§ **WHAT NEEDS TO BE DONE**: Images are to be left out when the records below are printed word for word.
── GIVEN RECORDS
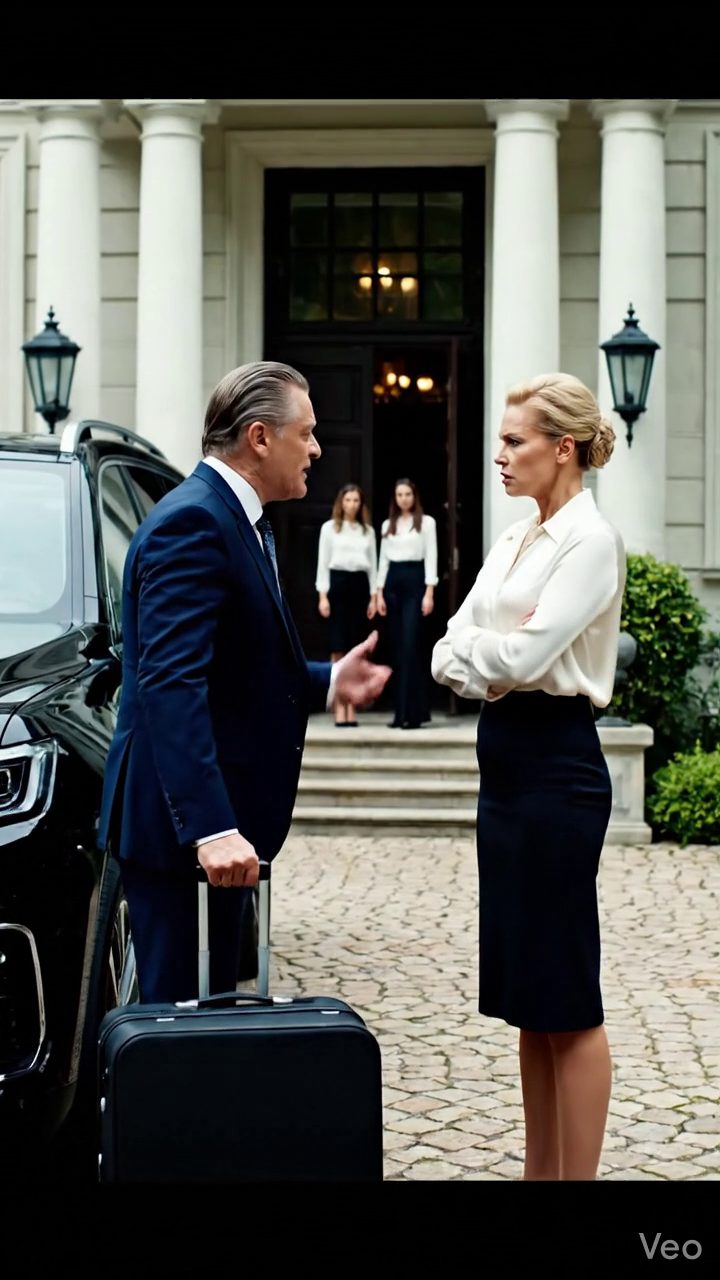 A nagymama temetésén az ügyvédje csendesen megkért, hogy kövessem, aztán láttam, ki vár az ajtónál.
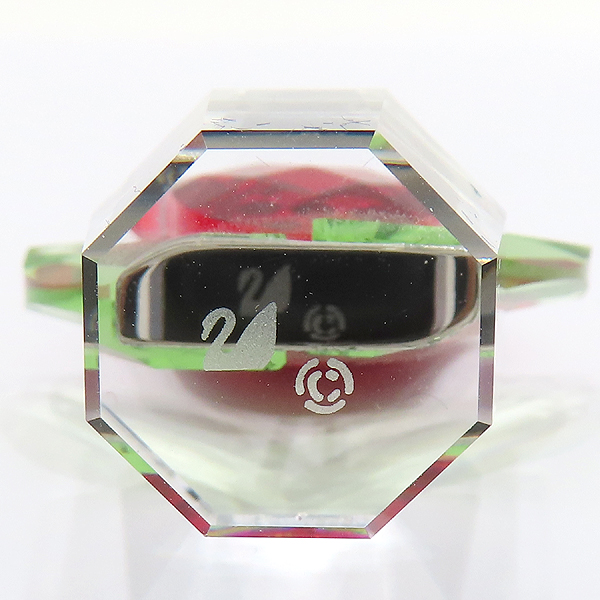 Swarovski(���ͷκ꽺Ű) 657109 ���� �ö���� ���� ƫ�� ȭ�� ũ����Ż �ǱԾ� [��õ��] �̹���4 - ���̺��� �߰���ǰ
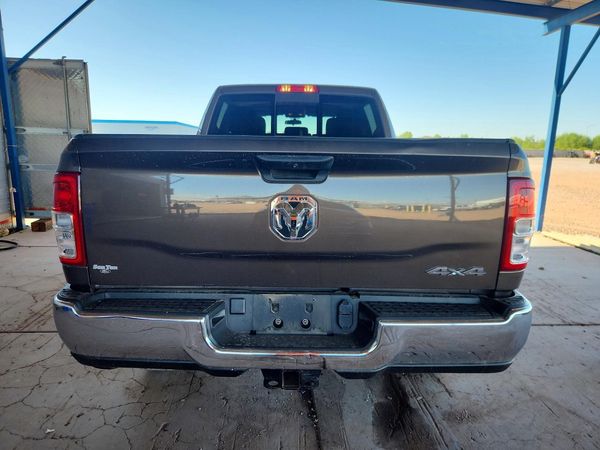 2020 RAM 2500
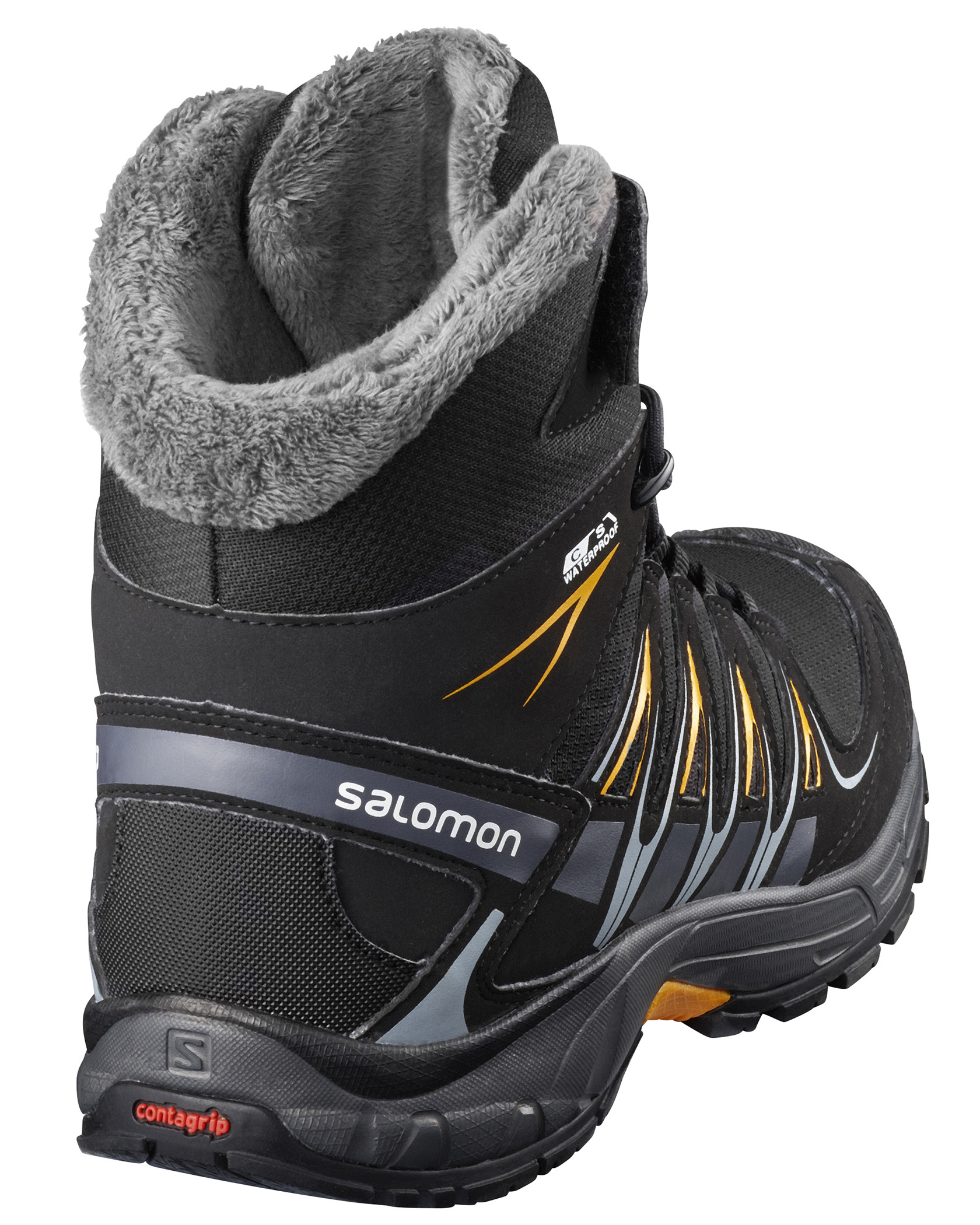 Salomon xa pro best sale 3d mid cswp junior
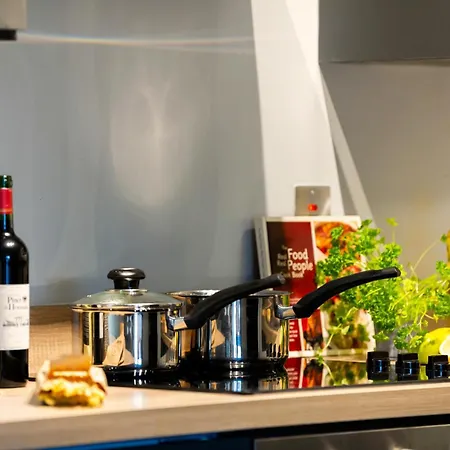 Staycity Aparthotels, Dublin, Christchurch מלון דירות 4*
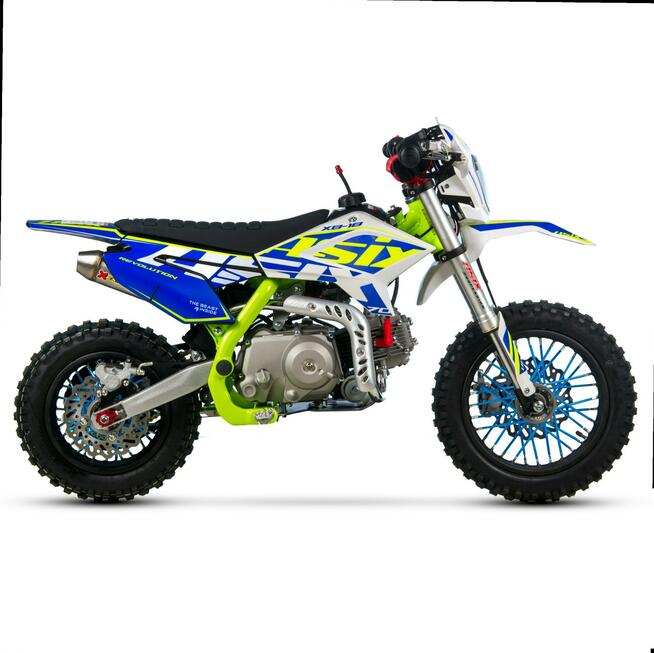 ASIX Inny Cross Asix XB-18 70 Transport Raty Fvat Automat Światła LED Dla Dzieci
────
§ **RESULT FOR THIS EXERCISE**:
 A nagymama temetésén az ügyvédje csendesen megkért, hogy kövessem, aztán láttam, ki vár az ajtónál.
 Swarovski(���ͷκ꽺Ű) 657109 ���� �ö���� ���� ƫ�� ȭ�� ũ����Ż �ǱԾ� [��õ��] �̹���4 - ���̺��� �߰���ǰ
 2020 RAM 2500
 Salomon xa pro best sale 3d mid cswp junior
 Staycity Aparthotels, Dublin, Christchurch מלון דירות 4*
 ASIX Inny Cross Asix XB-18 70 Transport Raty Fvat Automat Światła LED Dla Dzieci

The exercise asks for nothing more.